__Work to complete__. Reproduce the records below in full and without edits, omitting images.

[Data Boundary: Start]

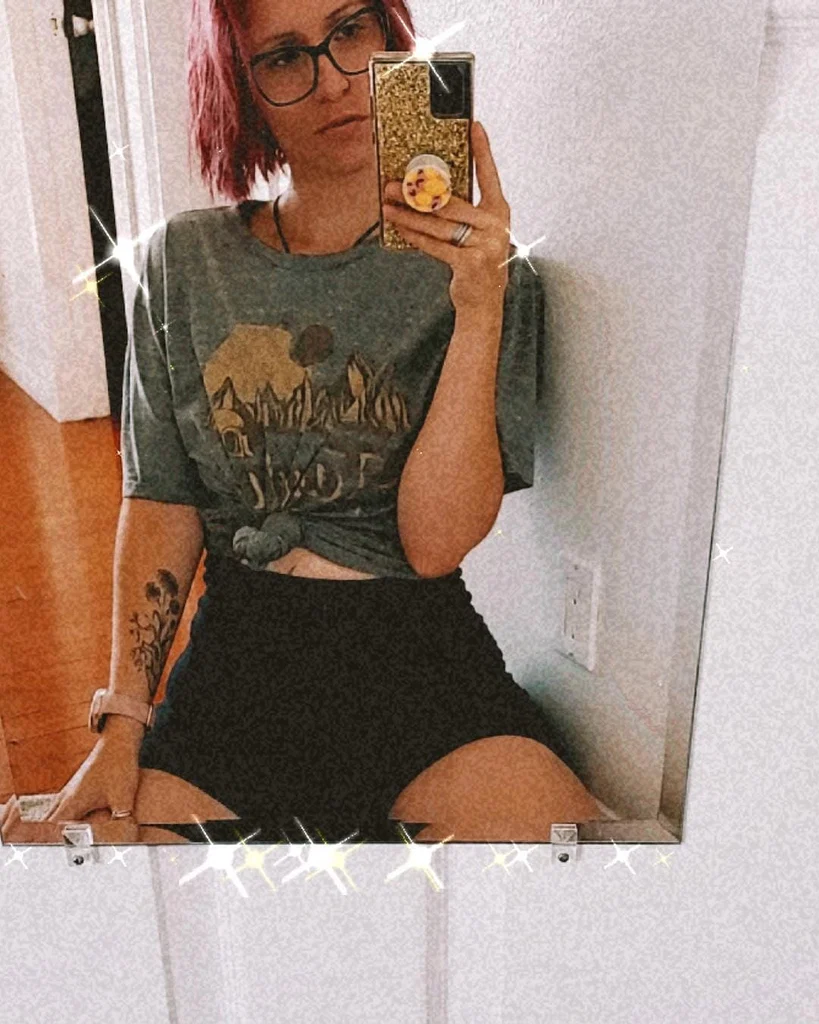 Benjixoxo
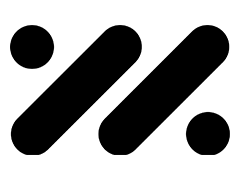 IM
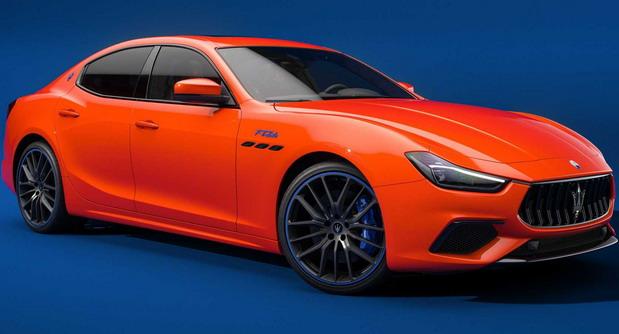 228821-maserati ghibli 03.jpg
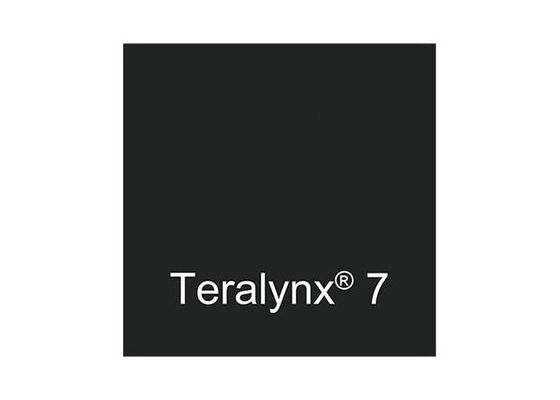IVM77610-PKG62-VQ2.0 Ethernet IC 8Tbps Teralynx® 7 Data Center Ethernet Switches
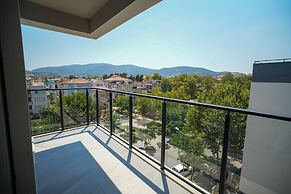 Soho Residence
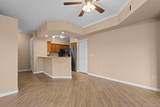 940 Plum Creek Parkway - Photo 7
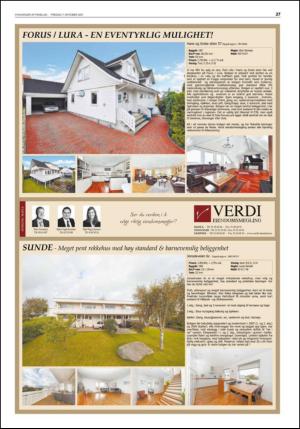 aftenbladet_del3-20111007_000_00_00_027.pdf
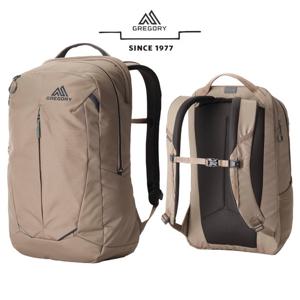 [그레고리]백팩 레트나 25리터 MIRAGE TAN [40J03018]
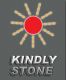 Kindly-Stone Material Co., Ltd.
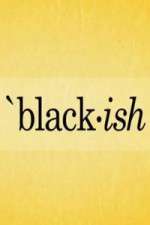 Watch Black-Ish Solarmovie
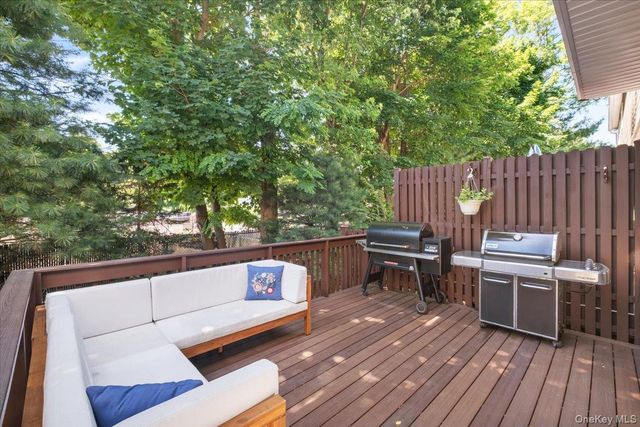 241 Catherine Street 241, Buchanan, NY 10511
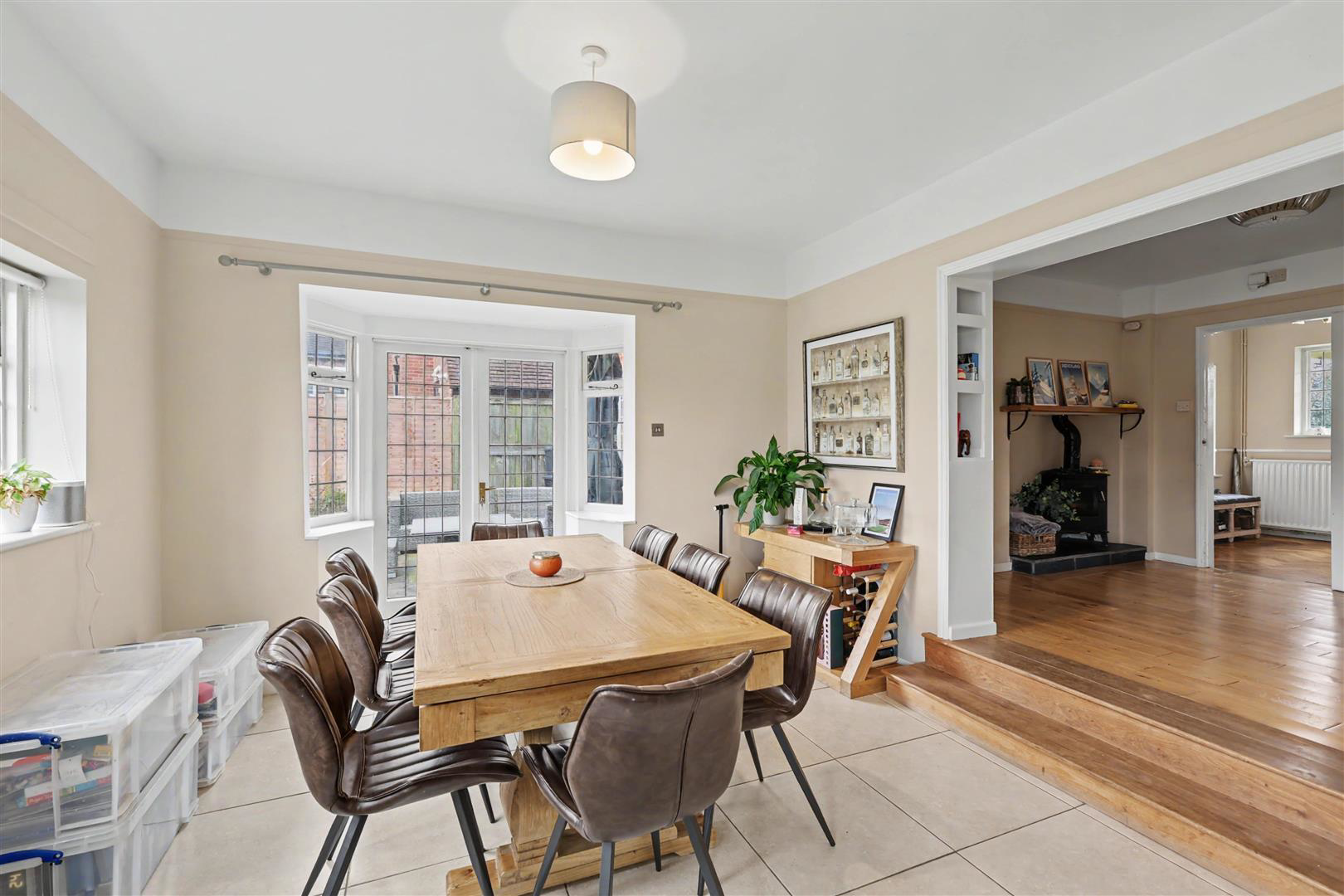 Gibson Way, Saffron Walden, photo 3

[Data Boundary: End]

__Solution to the problem__.
 Benjixoxo
 IM
 228821-maserati ghibli 03.jpg
IVM77610-PKG62-VQ2.0 Ethernet IC 8Tbps Teralynx® 7 Data Center Ethernet Switches
 Soho Residence
 940 Plum Creek Parkway - Photo 7
 aftenbladet_del3-20111007_000_00_00_027.pdf
 [그레고리]백팩 레트나 25리터 MIRAGE TAN [40J03018]
 Kindly-Stone Material Co., Ltd.
 Watch Black-Ish Solarmovie
 241 Catherine Street 241, Buchanan, NY 10511
 Gibson Way, Saffron Walden, photo 3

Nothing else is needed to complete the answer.